WHAT TO DO:
Please set down exactly the lines from the one that contains "LOS BERSERKIR LOS" through the end of the material, leaving out every picture.
▬▬▬
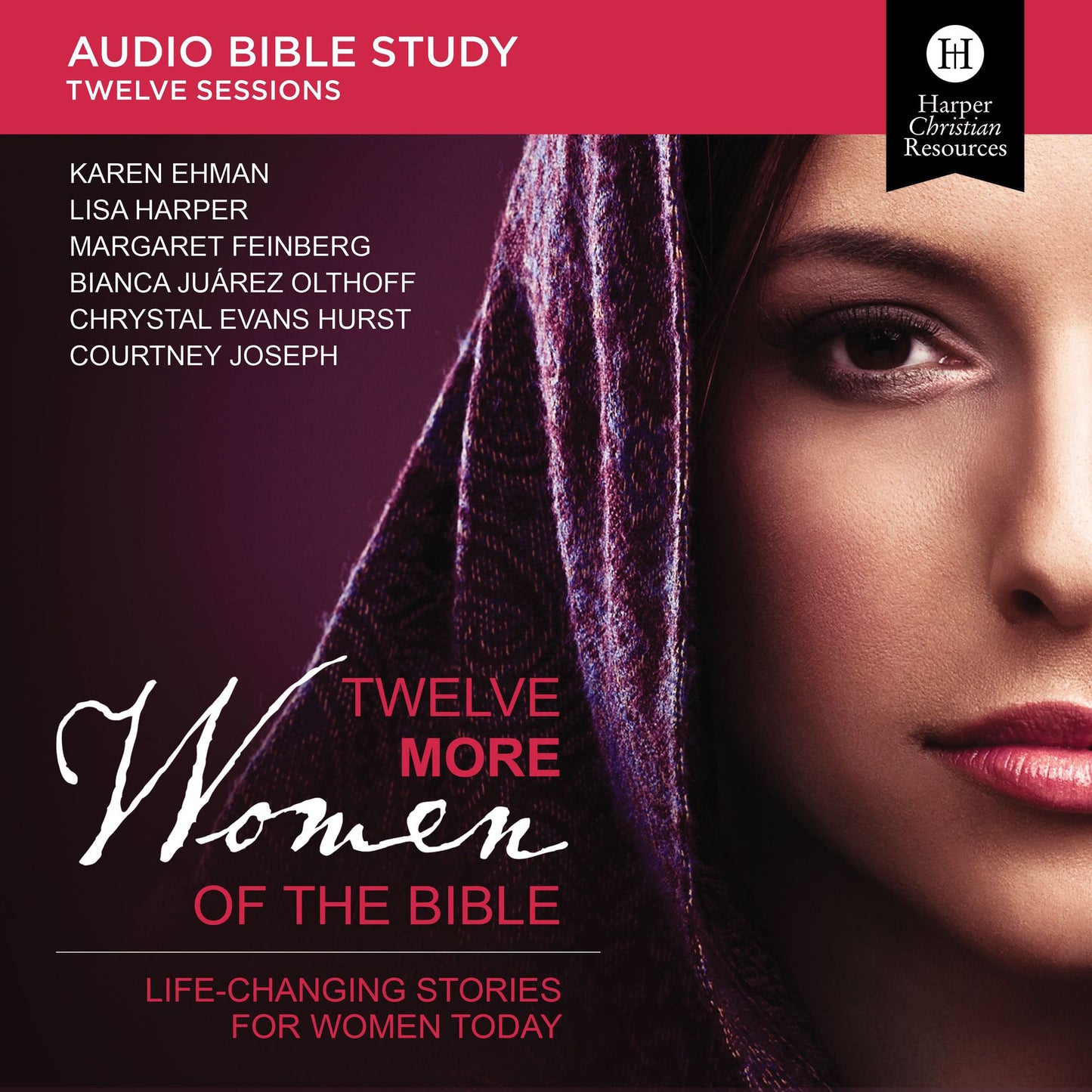 Twelve More Women of the Bible: Life-Changing Stories for Women Today: An Audio Study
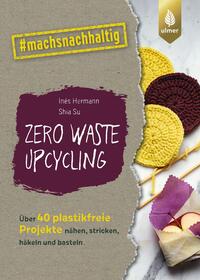 Vorderes Coverbild Zero Waste Upcycling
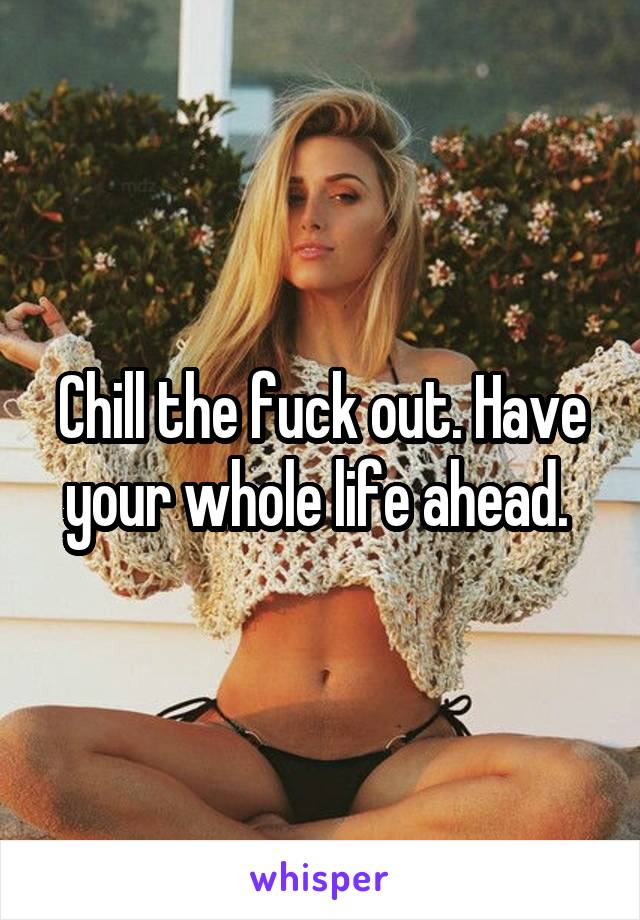 Chill the fuck out. Have your whole life ahead. 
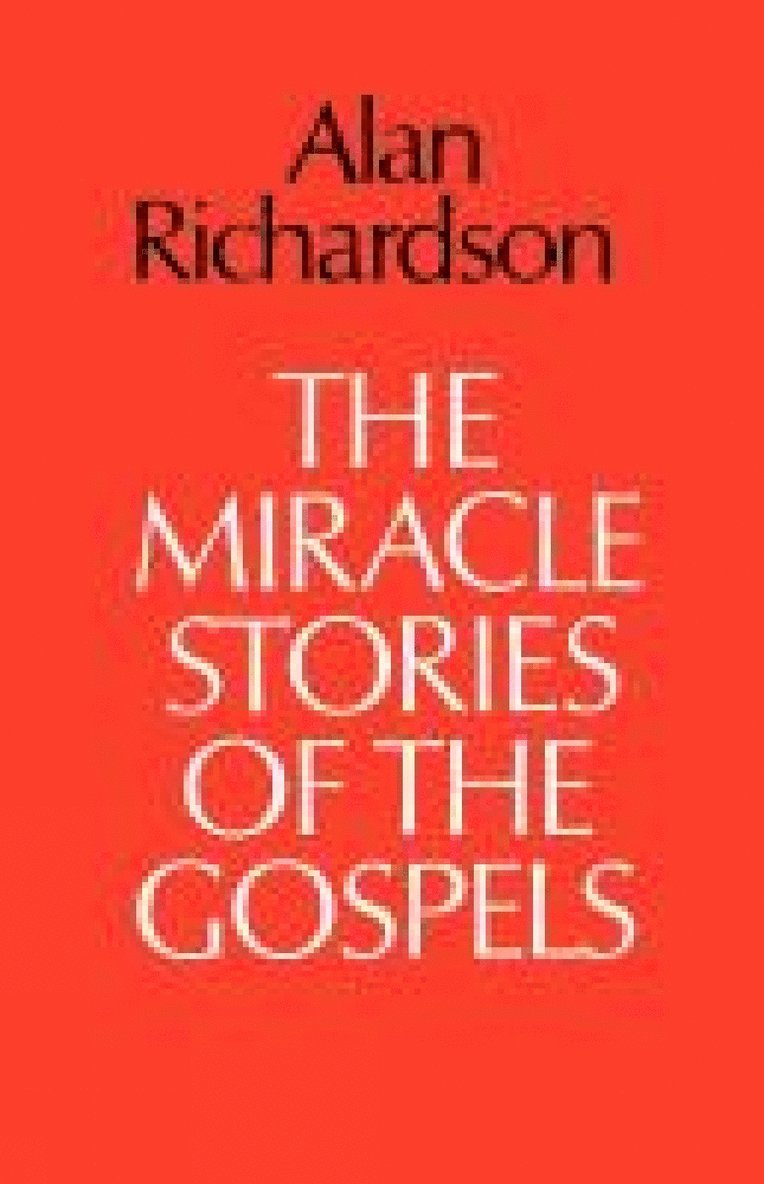 The Miracle Stories of the Gospels 1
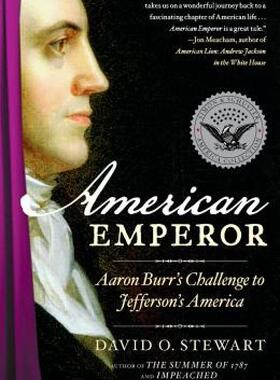 【预售】American Emperor: Aaron Burr's Challenge to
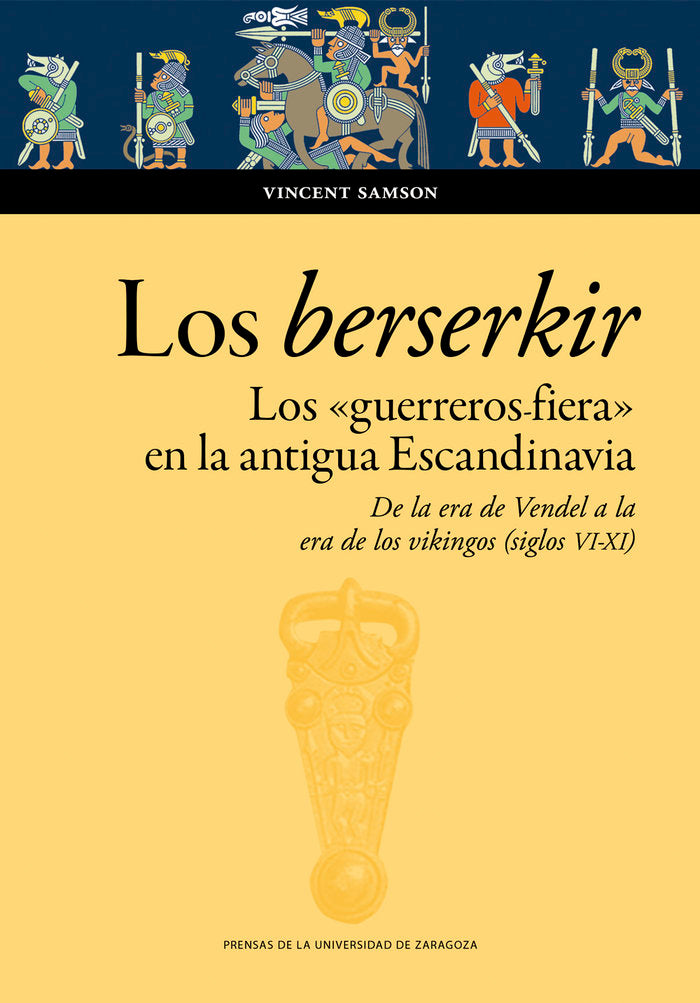 LOS BERSERKIR LOS GUERREROS FIERA EN LA ANTIGUA ESCANDINA, de SAMSON, VINCENT | portada del libro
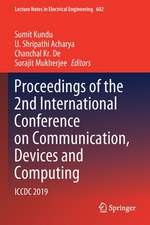 Proceedings of the 2nd International Conference on Communication, Devices and Computing: ICCDC 2019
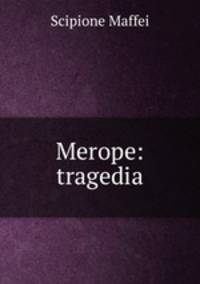 Merope: tragedia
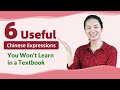 6 Useful Chinese Phrases You Won't Learn from Textbooks - Learn Mandarin Chinese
▬▬▬
OUTPUT OF THE EXERCISE:
 LOS BERSERKIR LOS GUERREROS FIERA EN LA ANTIGUA ESCANDINA, de SAMSON, VINCENT | portada del libro
 Proceedings of the 2nd International Conference on Communication, Devices and Computing: ICCDC 2019
 Merope: tragedia
 6 Useful Chinese Phrases You Won't Learn from Textbooks - Learn Mandarin Chinese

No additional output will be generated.